Les analystes prévoient que les revenus de Nvidia au deuxième trimestre augmenteront presque de deux fois par rapport à l'année précédente, à 92,18 milliards de dollars, grâce à une explosion de deux fois plus importante des ventes dans les centres de données. Les actions de la société ont gagné 11,8 % en 2026, reflétant la forte demande pour ses puces d'intelligence artificielle, notamment les prochains processeurs Rubin, qui devraient être expédiés cet automne. La croissance des revenus devrait s'intensifier dans le troisième trimestre, avec des ventes projetées en hausse de 82,8 % à 104,20 milliards de dollars.
Morgan Stanley estime que les processeurs Rubin pourraient représenter près de 9 milliards de dollars de ventes au cours du troisième trimestre, ce qui permettrait à Nvidia de conserver sa position de leader sur le marché à l'encontre de concurrents tels que AMD et des solutions de processeurs personnalisés mises au point par les grandes firmes technologiques. La société a noté que si les processeurs Rubin pourraient permettre des améliorations à long terme dans les coûts de production de l'intelligence artificielle, il aura fallu du temps pour estimer leurs gains de parts de marché.
Jensen Huang, directeur général de Nvidia, a défendu la stratégie d'équilibre du bilan de l'entreprise, arguant que ses réserves de trésorerie justifient le soutien de clients AI en pleine expansion rapide, mais non profitables.

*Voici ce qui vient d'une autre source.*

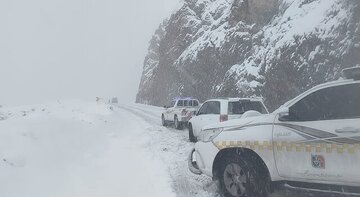 برف و لغزندگی در برخی جادهها؛ محدودیتهای ترافیکی ۲۱ آذر اعلام شد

Il a souligné que le soutien dans les centres de données proposé par OpenAI n'est pas un financement circulaire, car OpenAI remboursera les paiements de location tandis que Nvidia financera la technologie physique (centres de données, approvisionnements en énergie et installations) conçue pour accueillir ses puces pendant des décennies.

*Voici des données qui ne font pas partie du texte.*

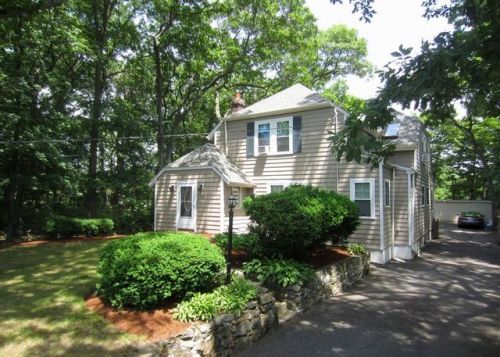 153 Ashcroft Rd, Medford, MA 02155 exterior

Les dépenses en infrastructure d'intelligence artificielle de Big Tech sont prévues dépasser 730 milliards de dollars cette année, ce qui souligne l'ampleur des investissements sur lesquels repose la croissance de Nvidia. Toutefois, Brian Mulberry, chef des stratégies de marché chez Zacks Investment Management, a mis en garde contre le fait que le rôle central de Nvidia dans le financement de l'intelligence artificielle pourrait présenter des risques si les taux d'adoption des outils d'intelligence artificielle ne correspondent pas à l'attente. La marge brute ajustée de l'entreprise est prévue rester autour de 75 % pour le deuxième et le troisième trimestres, ce qui reflète une forte puissance de négociation dans les puces d'intelligence artificielle à forte marge.